From what I have heard on a number of forums by users is that the shot tears up birds and meat much more so than round shot. I don't understand why anyone would use them if the birds are being torn up so badly. Get them in close enough for regular round shot and be ethical about it. Like I've posted before, using #3 shot at 1550 fps is more than adequate for 40 yard shots on any size duck. If you're shooting 50+ yards then you just don't realize how many birds you're wounding and that's never a good thing.


----------



## BigMac (Feb 12, 2012)

I have heard of several reports of these shells bulging barrels!


----------



## Hoopermat (Dec 17, 2010)

BigMac said:


> I have heard of several reports of these shells bulging barrels!

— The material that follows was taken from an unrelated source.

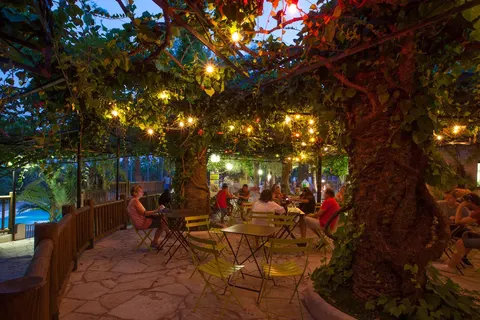 Camping La Baume-la Palmeraie foto 15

I have had the hyper sonics bulg my barrel. Now I stay away from anything over 1500 fps


----------



## 1BandMan (Nov 2, 2007)

Unless shell company's incorporate some kind of "goose or duck seeking" technology as part of their "magic shell" lines they promote they aren't going to perform much differently than anything else on the market.
The biggest performance maker or breaker in regards to which shells perform the best is the person shooting them.....period. 

The only difference is that if you shoot a "magic shell" and miss, you wasted a $1.00 rather than $.50.

Like many other things, waterfowl hunting has become so commercialized, people involved in the marketing side of things are capitalizing on people's gullibility and competitiveness.
If you've got the cash, go ahead and shoot whatever makes you happy, whether it be Blindside, Blackcloud, or Rio. Whatever blows your skirt up.


----------



## cootlover (Sep 26, 2015)

I have shot ten cases are more of fast steel 1550 thru my m2 20 ga no problem Hooper what gun did they bulg your barrel and how tight of choke P.S that sucks can you still use it?


----------



## Hoopermat (Dec 17, 2010)

cootlover said:


> I have shot ten cases are more of fast steel 1550 thru my m2 20 ga no problem Hooper what gun did they bulg your barrel and how tight of choke P.S that sucks can you still use it?


It happened to my A5 last year and my friends benelli. Both had to get new barrels. I talked to a bunch of gun smiths about it and they love the hypersonics. Repeat biz for them. What it does is swells the choke tube so bad it cannot be removed.


----------



## cootlover (Sep 26, 2015)

That's to bad you had to buy new barrels.


----------



## ram2h2o (Sep 11, 2007)

All ammunition manufacturers are looking at new ways to get hunters to purchase their ammo. Blindside, Black Cloud, Hyper, etc.. Some are good, some are gimmick's, but use what works best for you and your shotgun.


----------